Dr. Rus has published more than 80 scientific articles in premier peer-reviewed international conferences and journals, as well as book chapters. He has received several best paper awards at international conferences, and all of his PhD students have earned research awards for their work under him. Furthermore, his students have received summer internships at prestigious research labs such as Stanford Research Institute, AT&T Research Labs, Vulcan, and IBM.

Among other accomplishments, Dr. Rus is an Associate Editor of the International Journal of Artificial Intelligence Tools and has been coordinating the local chapter of the North American Computational Linguistics Olympiad, which involves working with high-school students and teachers. In 2011, one of the local high-school students made it to Team USA and won a silver and gold medal at the International Linguistics Olympiad.

 

Deep Learning in Automotive Embedded Systems

Dr. Oliver Sbanski
Director Engineering Systems Vision
Robert Bosch GmbH

Deep Learning in Automotive Embedded Systems

Abstract:

Upcoming advanced driver assistance functions and automated driving demand near-perfect performance and maximum availability of sensor information. Using the example of lane keeping in scenarios without visible lane markings motivates, why existing algorithms need to be further developed and are currently complemented or replaced by deep learning technologies. Several examples of AI and deep learning applications in current Bosch automated driving systems are given in the presentation. One of the major challenges for automotive applications is the much higher resource consumption of deep learning approaches versus other machine learning techniques. Bosch has tackled this challenge and we will show that the deep learning performance of a 250 Watt GPU can be implemented into an embedded automotive camera using less than 5 Watt power if the target HW is considered consistently throughout the development.

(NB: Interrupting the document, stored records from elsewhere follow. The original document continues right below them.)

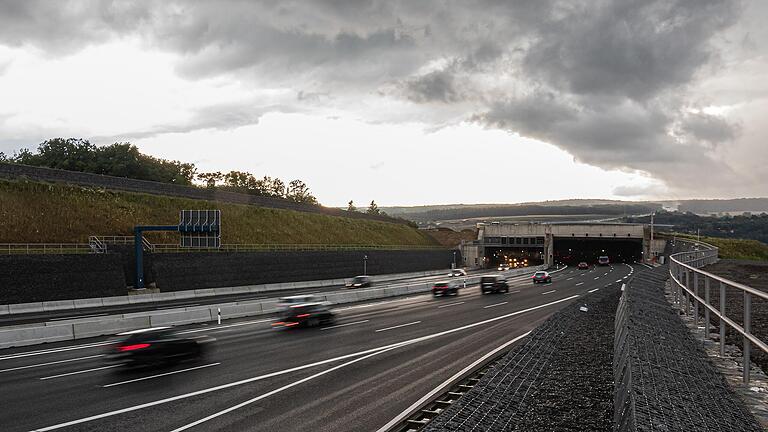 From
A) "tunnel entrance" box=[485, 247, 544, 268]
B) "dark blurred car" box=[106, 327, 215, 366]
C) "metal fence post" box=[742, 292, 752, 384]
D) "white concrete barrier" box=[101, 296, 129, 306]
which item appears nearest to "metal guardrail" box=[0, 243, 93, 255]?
"white concrete barrier" box=[101, 296, 129, 306]

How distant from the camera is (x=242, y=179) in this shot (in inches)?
5768

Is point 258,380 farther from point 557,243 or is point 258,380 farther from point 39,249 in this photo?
point 557,243

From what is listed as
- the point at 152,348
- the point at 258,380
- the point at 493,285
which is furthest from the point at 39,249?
the point at 493,285

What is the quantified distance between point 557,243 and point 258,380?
120206 millimetres

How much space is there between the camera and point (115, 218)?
59.0 meters

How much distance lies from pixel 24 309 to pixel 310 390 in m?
34.4

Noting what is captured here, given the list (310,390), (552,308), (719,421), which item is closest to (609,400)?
(719,421)

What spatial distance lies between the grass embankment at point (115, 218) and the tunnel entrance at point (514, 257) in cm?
3748

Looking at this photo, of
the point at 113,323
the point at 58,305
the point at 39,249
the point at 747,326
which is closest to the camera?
the point at 747,326

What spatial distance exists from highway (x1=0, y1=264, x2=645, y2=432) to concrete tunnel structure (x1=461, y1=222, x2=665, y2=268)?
3120 inches

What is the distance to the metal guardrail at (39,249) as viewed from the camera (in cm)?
4244

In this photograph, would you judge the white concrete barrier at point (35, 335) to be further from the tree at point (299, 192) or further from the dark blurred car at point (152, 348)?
the tree at point (299, 192)

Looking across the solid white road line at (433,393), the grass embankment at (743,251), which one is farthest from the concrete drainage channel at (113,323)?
the grass embankment at (743,251)

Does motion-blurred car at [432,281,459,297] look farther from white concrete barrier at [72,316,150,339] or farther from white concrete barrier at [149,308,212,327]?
white concrete barrier at [72,316,150,339] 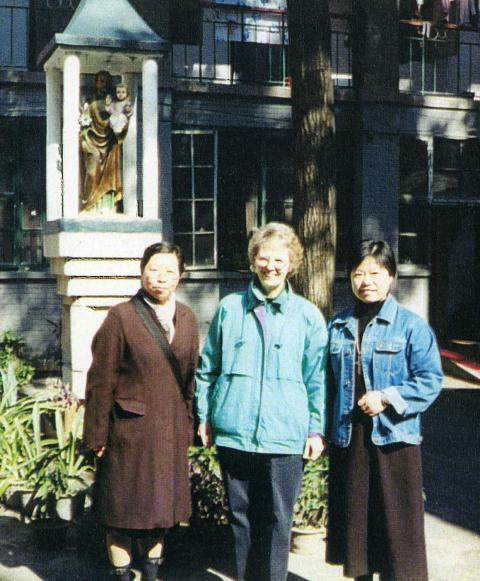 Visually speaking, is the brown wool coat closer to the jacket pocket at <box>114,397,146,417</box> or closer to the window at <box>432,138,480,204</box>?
the jacket pocket at <box>114,397,146,417</box>

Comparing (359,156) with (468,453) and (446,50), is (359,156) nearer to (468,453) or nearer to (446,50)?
(446,50)

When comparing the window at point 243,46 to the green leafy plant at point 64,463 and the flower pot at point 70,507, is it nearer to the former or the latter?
the green leafy plant at point 64,463

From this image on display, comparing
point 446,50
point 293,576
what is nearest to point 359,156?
point 446,50

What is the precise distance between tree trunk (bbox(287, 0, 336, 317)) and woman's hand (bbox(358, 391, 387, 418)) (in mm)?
3003

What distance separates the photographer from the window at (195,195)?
45.7 ft

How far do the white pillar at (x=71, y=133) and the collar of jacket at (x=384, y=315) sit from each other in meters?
3.25

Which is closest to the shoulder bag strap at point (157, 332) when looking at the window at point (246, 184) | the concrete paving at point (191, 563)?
the concrete paving at point (191, 563)

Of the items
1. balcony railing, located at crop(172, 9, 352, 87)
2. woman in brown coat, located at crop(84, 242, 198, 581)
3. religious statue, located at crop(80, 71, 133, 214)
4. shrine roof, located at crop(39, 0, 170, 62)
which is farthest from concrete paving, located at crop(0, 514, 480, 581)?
balcony railing, located at crop(172, 9, 352, 87)

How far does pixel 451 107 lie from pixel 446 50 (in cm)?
116

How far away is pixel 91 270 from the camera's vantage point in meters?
6.96

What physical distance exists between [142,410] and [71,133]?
3372 millimetres

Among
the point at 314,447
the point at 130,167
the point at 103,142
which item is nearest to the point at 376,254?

BIO: Dr. Oliver Sbanski studied Physics at the University of Würzburg, Germany, and finished 2001 with a PhD in Physical Chemistry. He joined Bosch 2001 in the automotive business unit of active safety systems developing ABS/ESP SW & algorithms. Since 2011, he leads the system and computer vision development for video based driver assistance systems, including front facing cameras and surround view systems. Being a key sensor towards the Bosch vision of "safe, agile and automated driving for everyone", the Bosch video camera already today contributes significantly to comfortable and injure-free driving. Recent advances in embedded hardware design allow for implementation of leading edge AI & deep learning algorithms in automotive sensors, which take the performance and possibilities to new levels.